Recently the son of some close friends of mine had to take their son in for surgery. He was getting his clef palette repaired and all went swimmingly. Well, a day later they got to take him home only to return later that night. He was having trouble breathing and so they have to operate on him again. This little boy is so fragile at times, it is truly amazing to think about all this little guy has had to endure over the first year of his life and how adorable he is. So many surgeries and trips to the hospital. If you go to William's Page under my links to the side, you can read his journey.
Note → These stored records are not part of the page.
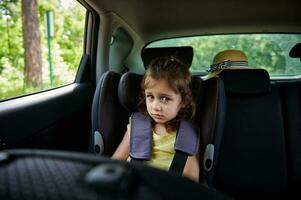 befestigt wenig Mädchen zu Kind Sicherheit Sitz Innerhalb Wagen. sicher Bewegung von Kinder im das Wagen. foto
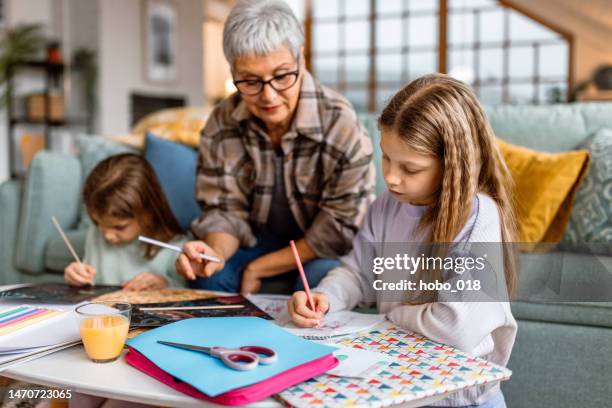 grandmother and two little girls drawing with wooden crayons at home - babysit stockfoto's en -beelden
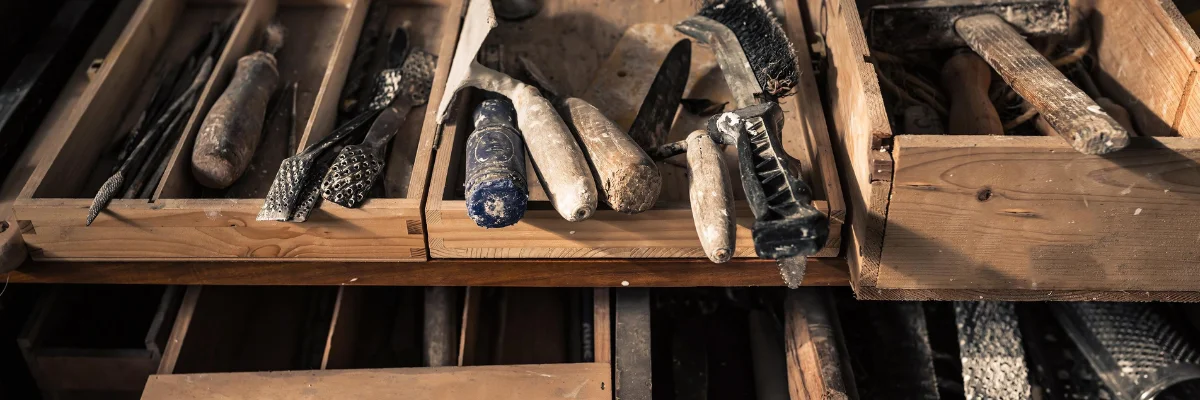 The Ultimate Guide to Clay Sculpting Tools Fun and Functional! is showing in the picture a variety of tools that have been used and are placed inside of a wooden storage box haphazardly. they are many different types of tools and have been well used and are covered in bits of clay.. the box is a wooden box. in the center of the image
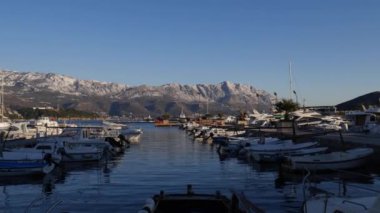 Budva rıhtımının manzarası karlı dağların arka planına karşı
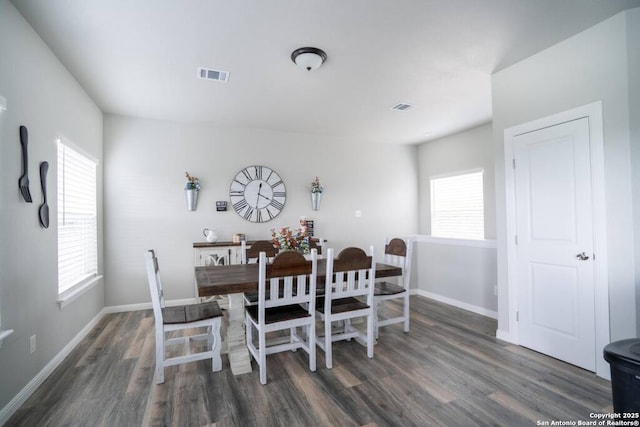 239 Damar Cv, Canyon Lake, TX 78133 - dining space with wood finished floors, plenty of natural light, and baseboards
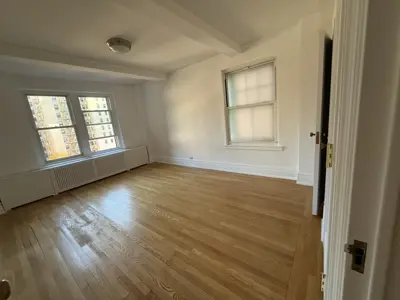 Bright NYC apartment room with freshly refinished hardwood floors and clean white painted walls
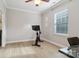 Bright bedroom featuring hardwood floors, neutral walls, a ceiling fan, and a stationary bicycle at 8200 Sunset Hill Rd, Waxhaw, NC 28173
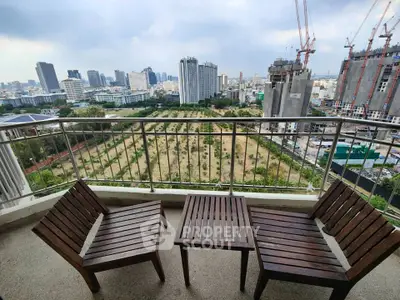 Stunning city view from a high-rise balcony with modern wooden furniture.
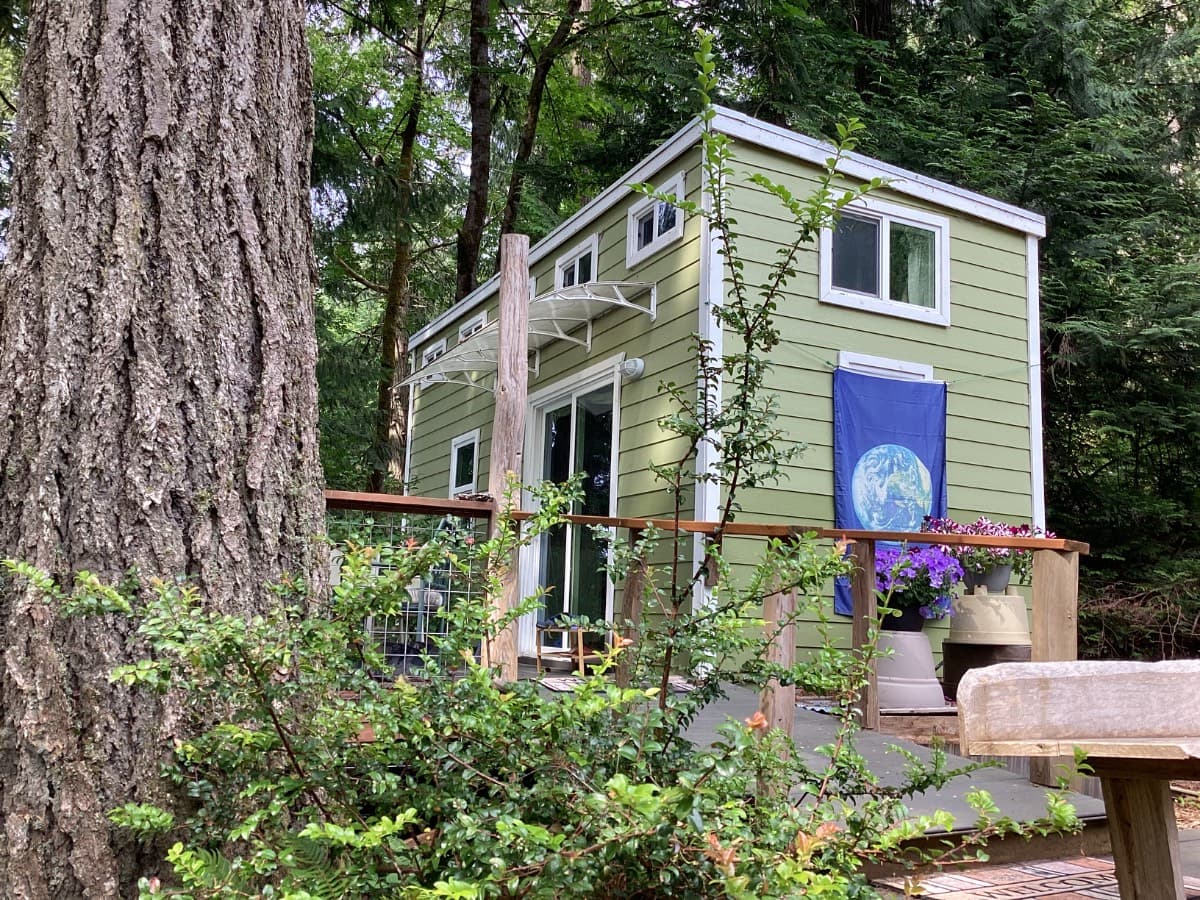 Dual loft tiny house on wheels, abundant light and high ceilings.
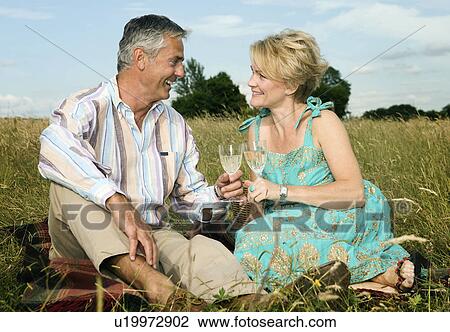 Stock Image - Couple have a picnic in a field. Fotosearch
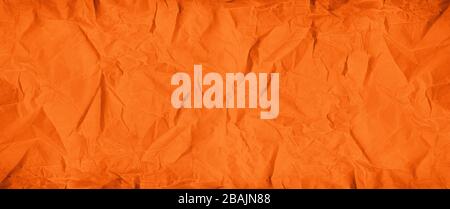 Old orange crumpled paper texture background. Wallpaper banner Stock Photo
This caused me to think about how much my own kids mean to me. While I've had my share of loss and misfortunes, I have been fortunate that my son and daughter never had anything as serious as surgery to deal with. The scariest thing I've gone through with my kids was when my daughter was just 4 weeks old. We had traveled over the mountain pass to see my family and introduce them to their lates grandchild. Well, she had trouble adjusting to the altitude change and built up a lot of excess air and gas inside her. This caused her little tummy to hurt and she struggled to eat. It got to the point where she hadn't eaten in almost 24 hours. We took her to the local ER and spent several hours there. She had become dehydrated and so they had to stick an IV in her. This was no easy task as she was so tiny and so it took them forever to complete the procedure. After another couple of hours, she was on the end and began to eat little by little. Needless to say, she mended just fine.

There are few things in this world more heartbreaking than seeing a child in pain. From a scraped knee to a child connected to all kinds of tubes, they're the most bittersweet moments. Your heart breaks for them and then cheers for them as they come out on the other side. It's those moments that make me smile and realize that there is someone up there looking out for us all. I've known at least two other couples that have had to face the nightmare of NICU. One family had a happy ending, while another did not. I guess life is just that way and there is no telling what kind of happiness or sadness awaits us. We cross our fingers and roll the dice. Whatever issues come our way we must make the decision to let it get the best of us, or get through it and feel stronger for it. For all those moments that kids drive us crazy, they are far outweighed by the sweet ones.